Schwarz-Rot-Gold ist hip – auch unter Migranten. Wenn jetzt auch Türken, Marokkaner und Thailänder mit Deutschlandfahnen wedeln, ist die oft geforderte Integration offenbar längst Realität

AUS DORTMUND SIMON BÜCKLE

Nordrhein-Westfalen versinkt in einem Meer aus Schwarz-Rot-Gold. Auch Dönerläden, italienischen Eiscafés und Kioske in Migrantenhand kommen in diesen Tagen nicht ohne Deutschlandfahne aus. Nicht nur am Mittwochabend vor dem Spiel Deutschland gegen Polen zeigen viele Migranten in der Dortmunder Innenstadt die deutschen Landesfarben.

„Ich lebe in Deutschland, ich lebe mit Deutschen, ich liebe Deutschland – von meinen Gedanken und Gefühlen her bin ich Deutscher“, erklärt Zakaria (30) und umarmt seine deutsche Frau. Vor dem Spiel hat er sich die deutschen Farben auf den Oberarm gemalt und ein schwarz-rot-goldenes Fähnchen. In der Menge der Fans fällt er auf – seine Haut, seine Haare, seine Augen sind schwarz. Er wurde in Casablanca geboren und hat einen marokkanischen Pass. Vor vier Jahren verließ er seine Heimat und kam nach Dortmund.

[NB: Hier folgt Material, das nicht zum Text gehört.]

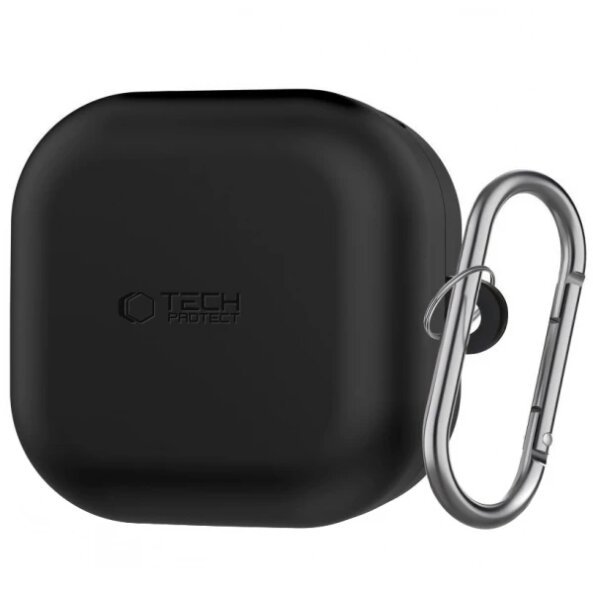 Husa Tech-Protect Silicone Hook pentru Samsung Galaxy Buds4 / Buds4 Pro, Neagra 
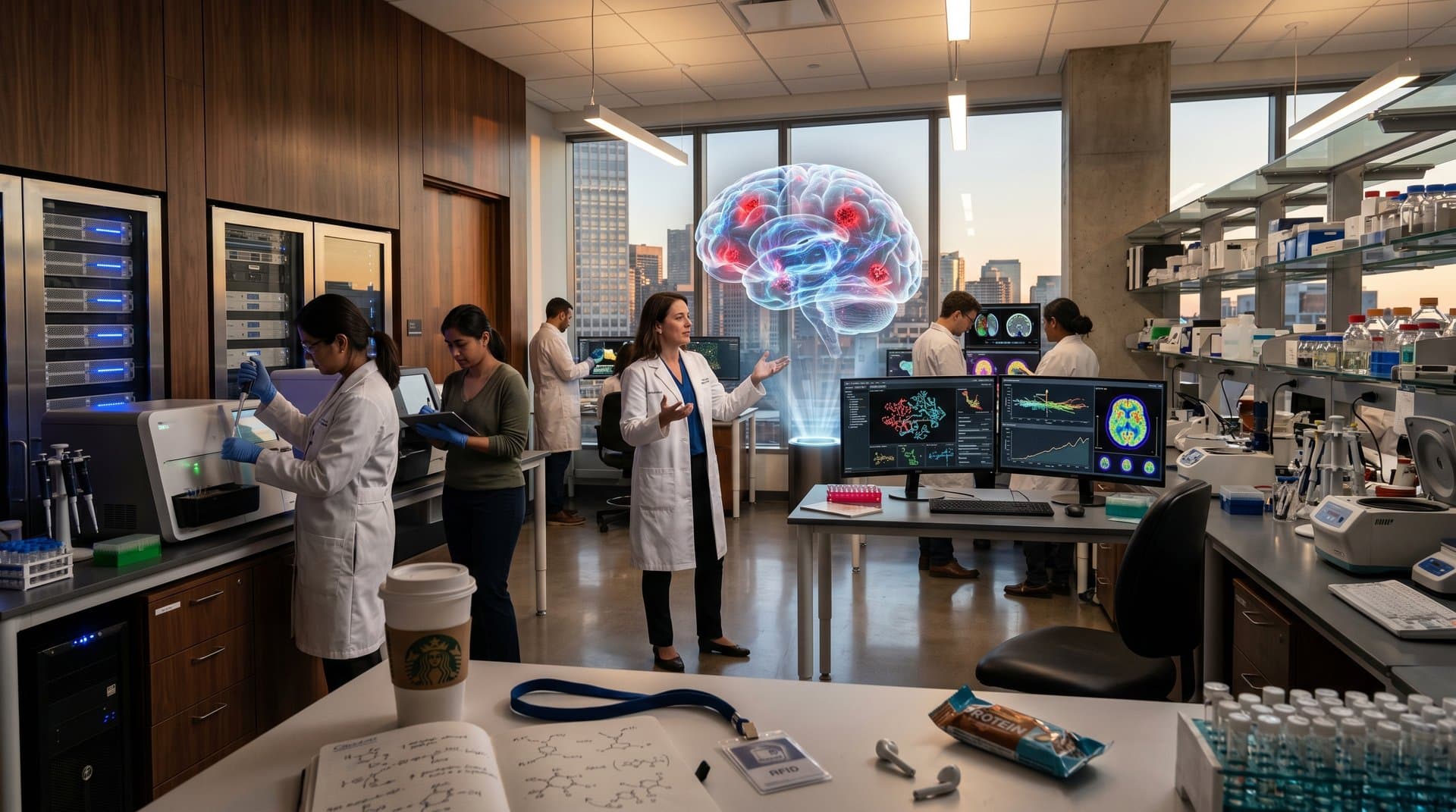 Holographic brain model with plaques and AI screens in futuristic neuroscience lab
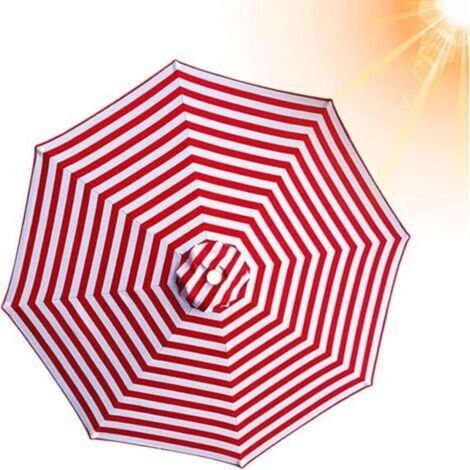 Parasol de terrasse de remplacement, résistant aux UV, au vent et à la pluie, adapté au jardin et à la plage, rouge 200 cm, 8 baleines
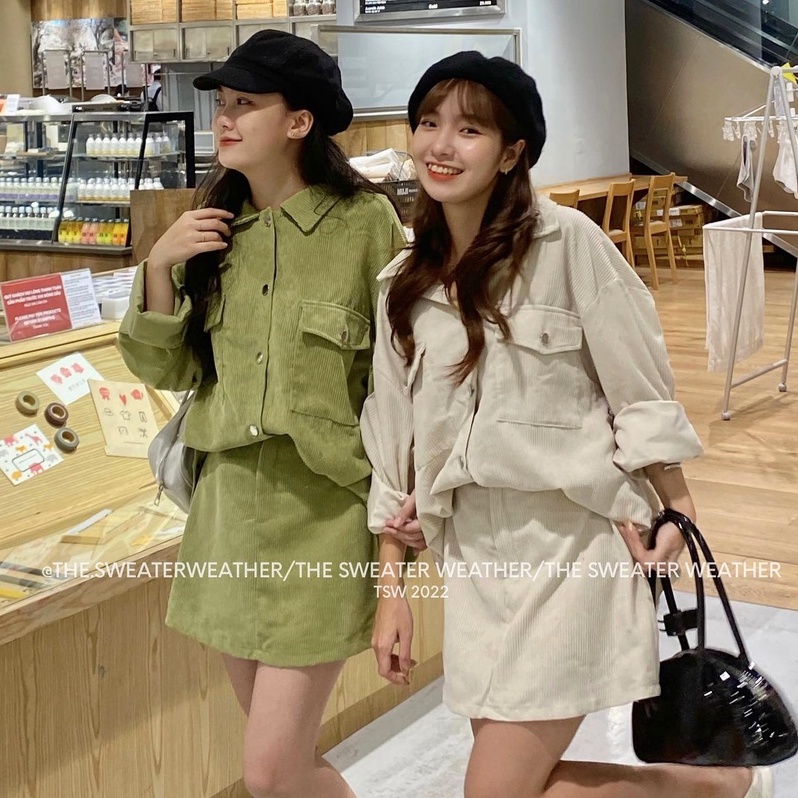 Set áo sơ mi nhung tăm dài tay chân váy chữ A lưng cao có quần trong oversize phom rộng đi chơi hàn quốc Ylydress C1089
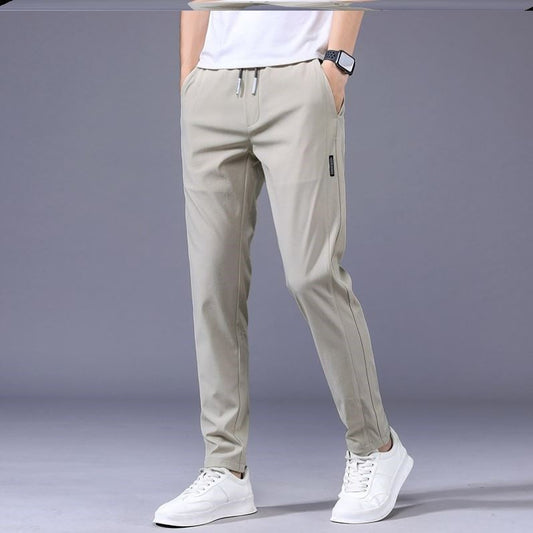 Drawstring Trousers Thin Casual Pants Korean Version Loose Straight Sweatpants Mens Clothing - Jaazi Intl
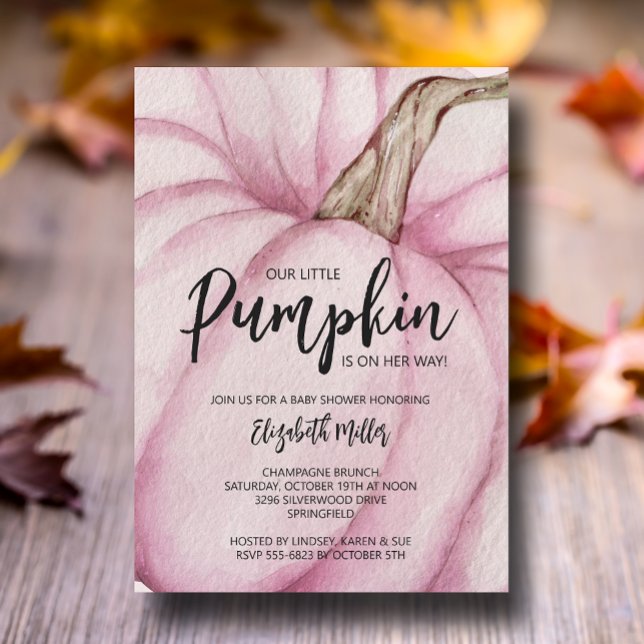 Convites Chá de fraldas Rosa Pumpkin Girl (Criador carregado)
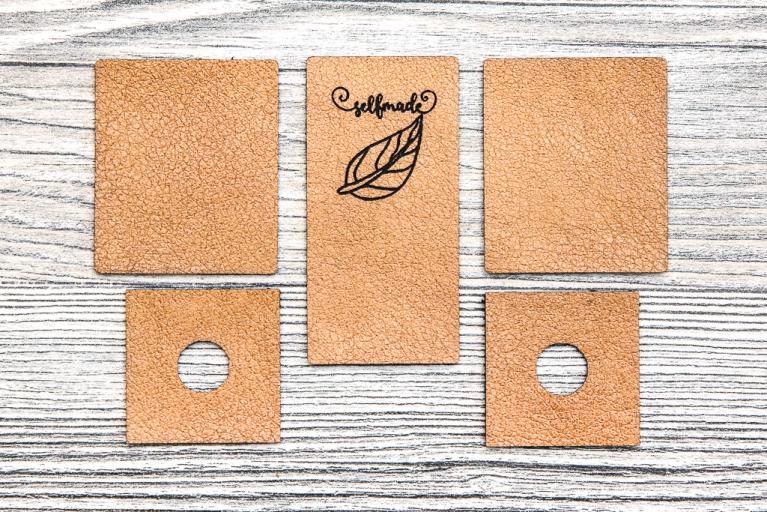 Schalkragen-Labelset 'selfmade' (braun) - Artikel-Nr. 9006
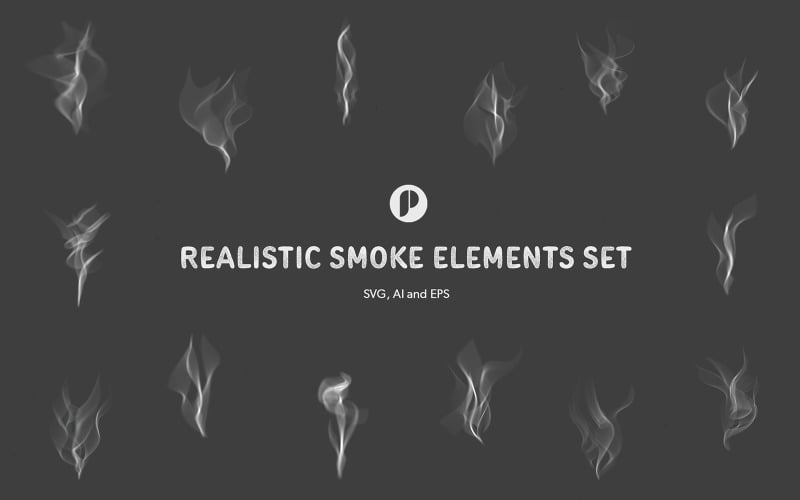 Realistic Smoke Elements Set Illustration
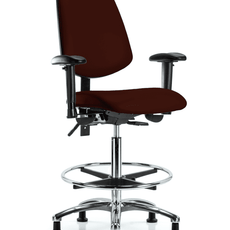 Vinyl Chair Chrome - High Bench Height with Medium Back, Adjustable Arms, Chrome Foot Ring, & Stationary Glides in Burgundy Trailblazer Vinyl - VHBCH-MB-CR-T0-A1-CF-RG-8569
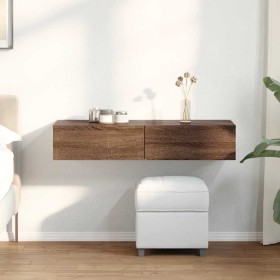 Estante de pared con cajones madera contrachapada marrón roble de , Estantes y estanterías - Ref: Foro24-859992, Precio: 77,4...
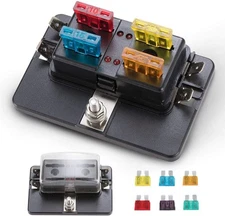 BUNKER INDUST 4-Way Blade Fuse Box with LED Indicator for Blown Fuse,Fuse Block 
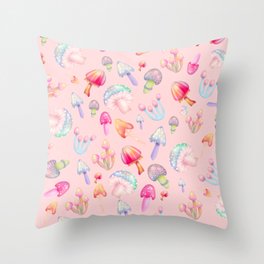 psychedelic magic mushrooms watercolor pattern on pastel pink Throw Pillow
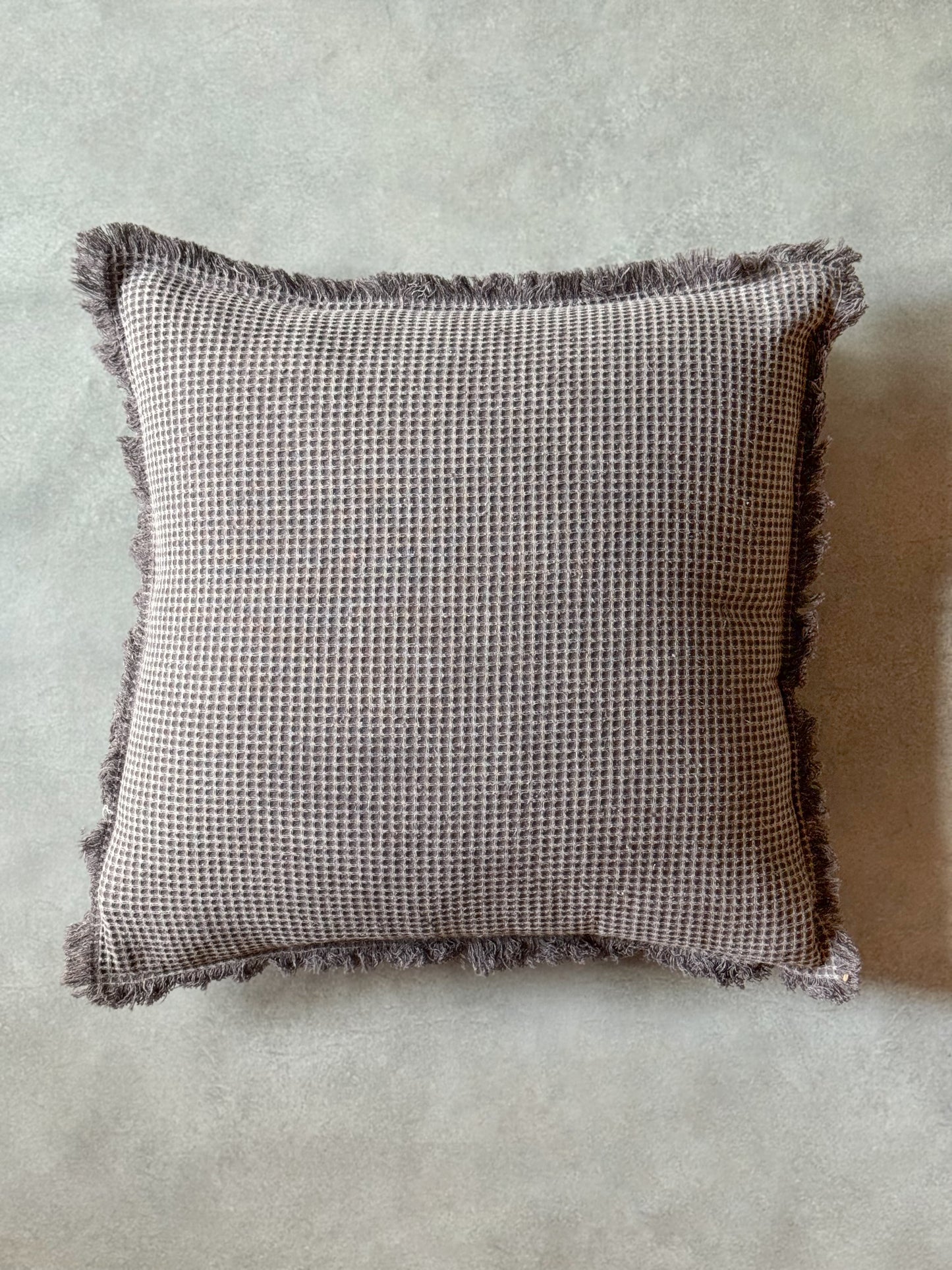 WAFFLE CUSHION in GREY- cotton cushion cover-ALTROVE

Von seiner Heimat hat er sich dennoch nicht gelöst: „Wenn Marokko bei der WM dabei gewesen wäre, würde ich schon in einen Konflikt kommen“, sagt er. Doch er findet es toll, dass sich immer mehr Migranten offen zu Deutschland bekennen und auch dass die Deutschen mit ihrem Patriotismus nun lockerer umgehen: „Wir sollten die Vergangenheit vergessen – diese Leute sind nicht schuldig. Wir sind alles Menschen und gehören zusammen.“ Wenn Deutsche beim kollektiven Singen der Nationalhymne durch die negativen Assoziationen eine Gänsehaut bekommen, dann ist es bei Zakaria genau anders herum: „Ich liebe diese Melodie.“

Nicht alle lassen sich von der schwarz-rot-goldenen Begeisterung anstecken: Hassan (27) kam vor drei Jahren aus Tunesien nach Deutschland. „Manchmal fühle ich mich wie zu Hause und manchmal frage ich mich, warum ich überhaupt hier her gekommen bin“, sagt er nachdenklich. So ein Augenblick des Zweifels erlebte er bei der Eröffnungsfeier auf dem Friedensplatz: Mit einem tunesischen Freund feierte er mit der Fahne seines Heimatlandes in den Händen. „Dann tauchten zwei Glatzen mit Nazi-Tatoos auf und wollten, dass wir die wieder einpacken“, beschreibt er diese angespannte Situation, in der Security-Mitarbeiter einschreiten mussten. Auch wenn Hassan den Eindruck hat, dass die Deutschen allgemein gastfreundlich sind, bleibt er doch lieber bei seinen Farben: „Als Dortmunder fühle ich mich schon, als Deutscher jedoch nicht – noch nicht.“

Wachirawut Sanguanchue ist in erster Linie BVB-Fan, läuft aber in diesen Tagen mit Deutschland-T-Shirt durch die Straßen. „Ich muss doch für Deutschland sein, es spielen ja viele vom BVB in der Mannschaft“, sagt der 23-Jährige, der als Kind aus Thailand nach NRW kam. „Es wird wieder Zeit, dass wir Weltmeister werden.“

Metin findet, dass sich alle Migranten – besonders die der Folge-Generationen – zu Deutschland bekennen sollten: „Wir leben hier, wir gehen hier zur Schule, wir verdienen hier unser Geld – da müssen wir auch zu Deutschland stehen.“ Sein Vater kam vor 30 Jahren aus der Türkei nach Deutschland um Arbeit zu finden; der 23-Jährige wurde in Dortmund geboren. Auch die Deutschen sollten seiner Meinung nach einen Neuanfang machen: „Generationen sind seit dem Krieg vergangen, wir sollten uns davon befreien – es wird Zeit.“ Zur WM hat er sich extra mit Schwarz-Rot-Gold ausgestattet: Trikot, Schirm-Mütze, Fahne – das volle Programm. Während des Eröffnungsspiels stand er auf dem Dortmunder Friedensplatz, in der Masse der deutschen Fans. Dann kam das Lied: „Steht auf, wenn ihr Deutsche seid!“ Metin zögerte nicht lange – und stand auf.